Although it has not been shown on the plan, a third sowing of beets and carrots will probably follow either the potatoes or the earlier planting of sweet corn. Companion crops afford a third means of conserving space. They involve nothing more complicated than raising two or more crops simultaneously in the same row. The classic example practiced by many generations of our ancestors was growing pumpkins in the cornfield. In our plan, we intend to raise radishes between the cucumber plants.

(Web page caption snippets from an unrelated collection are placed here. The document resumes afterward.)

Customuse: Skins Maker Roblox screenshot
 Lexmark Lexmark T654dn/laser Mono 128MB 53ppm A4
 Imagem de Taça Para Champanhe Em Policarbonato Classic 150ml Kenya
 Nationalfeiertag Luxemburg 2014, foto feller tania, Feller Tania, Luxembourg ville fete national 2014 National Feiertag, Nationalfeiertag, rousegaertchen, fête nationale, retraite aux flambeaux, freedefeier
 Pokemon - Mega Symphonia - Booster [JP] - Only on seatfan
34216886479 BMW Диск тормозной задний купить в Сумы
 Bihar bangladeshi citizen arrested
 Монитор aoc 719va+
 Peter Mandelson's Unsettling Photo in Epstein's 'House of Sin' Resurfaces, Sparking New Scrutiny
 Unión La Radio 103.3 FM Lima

Plant Your Home with Pictures in Mind

Wednesday, January 23rd, 2008

Try to keep a list of garden jobs on a card to do during March, and hang it where you don’t lose it so you’ll be sure to get the jobs done when time and weather permits in the East.

The bed south of our sun porch is a problem; it is in the heavy shade of a shellbark hickory, also shaded by a huge honeysuckle. It is not only shaded, but it’s dry. I find that even with watering it is rather hard to keep primroses alive in this spot so I am going to use it as a place to try out some of the named varieties of lily turf that I got last fall. I have ‘Majestic,’ ‘Lilac Beauty,’ ‘Monroi White,’ and Silver Ribbon. These are all varieties of liriope. They can take shade, rather dry growing conditions, and also the birds. The planting is just under the hanging bird feeder and the birds, especially sparrows, going after the food they throw out, are rough on tender plants like primroses.